Task #19855: Review 19792-pysdk-cookbookResolvedPeter Amstutz01/02/2023Actions

Related issues

Related to Arvados - Feature #6865: [Documentation] Higher Level Python SDK Reference PageDuplicate08/03/2015Actions
Actions #1

Updated by Peter Amstutz over 1 year ago

  • Target version set to 2022-12-07 Sprint
Actions #2

Updated by Peter Amstutz over 1 year ago

  • Target version changed from 2022-12-07 Sprint to 2022-12-21 Sprint
Actions #3

Updated by Brett Smith over 1 year ago

  • Story points set to 1.0
Actions #4

Updated by Peter Amstutz over 1 year ago

  • Target version changed from 2022-12-21 Sprint to 2023-01-18 sprint
Actions #5

Updated by Peter Amstutz over 1 year ago

  • Target version changed from 2023-01-18 sprint to 2022-12-21 Sprint
Actions #6

Updated by Peter Amstutz over 1 year ago

  • Assigned To set to Brett Smith
Actions #7

Updated by Peter Amstutz over 1 year ago

  • Target version changed from 2022-12-21 Sprint to 2023-01-18 sprint
Actions #8

Updated by Brett Smith over 1 year ago

  • Status changed from New to In Progress
Actions #9

Updated by Brett Smith over 1 year ago

  • Related to Feature #6865: [Documentation] Higher Level Python SDK Reference Page added
Actions #11

Updated by Peter Amstutz about 1 year ago

  • Target version changed from 2023-01-18 sprint to 2023-02-01 sprint
Actions #12

Updated by Brett Smith about 1 year ago

19792-pysdk-cookbook @ dfa06386290a17fb768c359de12719b170f02a72 has been updated with a little reorganization and a few more recipes based on user feedback.

Actions #13

Updated by Peter Amstutz about 1 year ago

19792-pysdk-cookbook @ dfa06386290a17fb768c359de12719b170f02a72

This is really good, thank you for putting time into this.

A few notes

Working with permissions

name is one of "none", "can_read", "can_write", "can_manage", or "can_login".

"none" is not actually a valid value

the relevant deep link might be https://doc.arvados.org/v2.5/api/permission-model.html#links

Not sure if the additional complexity of iterating over permissions is needed.
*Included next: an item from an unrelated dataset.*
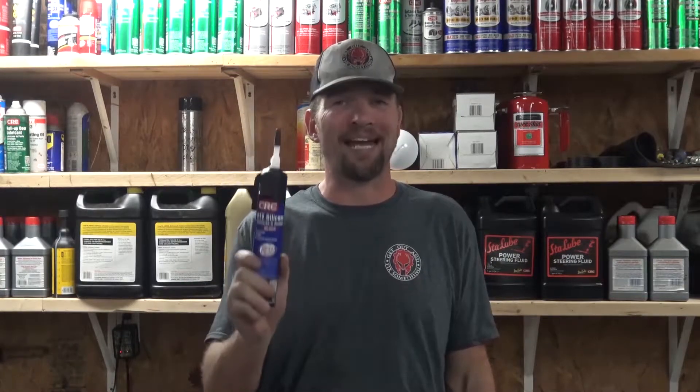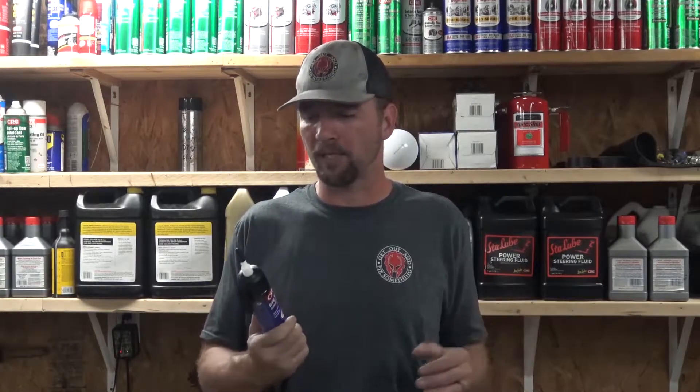Hello everyone, welcome to my shop. My name is Stephen Cox. I've been a mechanic for a while and I've used all kinds of different RTV silicones. If you keep a can of this on your truck, in your toolbox, at your house, this will save you a tremendous amount of time and a tremendous amount of money.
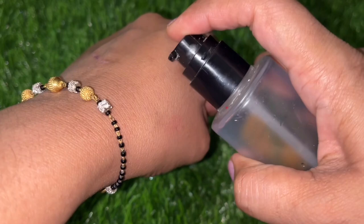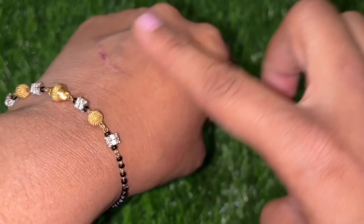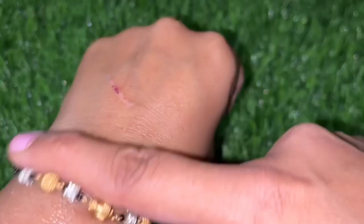Now let's talk about how the consistency is. You can see that my bottle is completely empty. You can see that it has a gel-type consistency. The texture is very smooth and soft. So whether your skin is dry, oily, or combination, you can use it.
A narrower example that modifies just one specific permission involving a user and a specific object would probably be easier.

Now that we have permission link de-duplication, for a given head/tail there will only ever be one or zero links, so while you still need to use links.list() you can just use if respose["items"]: ... field and assume it will only ever have either 1 or 0 elements.

... to be continued

Actions #14

Updated by Brett Smith about 1 year ago

I don't feel super strongly about any of this stuff but just to explain my reasoning behind some of the decisions:

Peter Amstutz wrote in #note-13:

the relevant deep link might be https://doc.arvados.org/v2.5/api/permission-model.html#links

I agree that's the most specific link, but I felt like it was important to understand the underlying permissions model as well, so the whole page seemed on point.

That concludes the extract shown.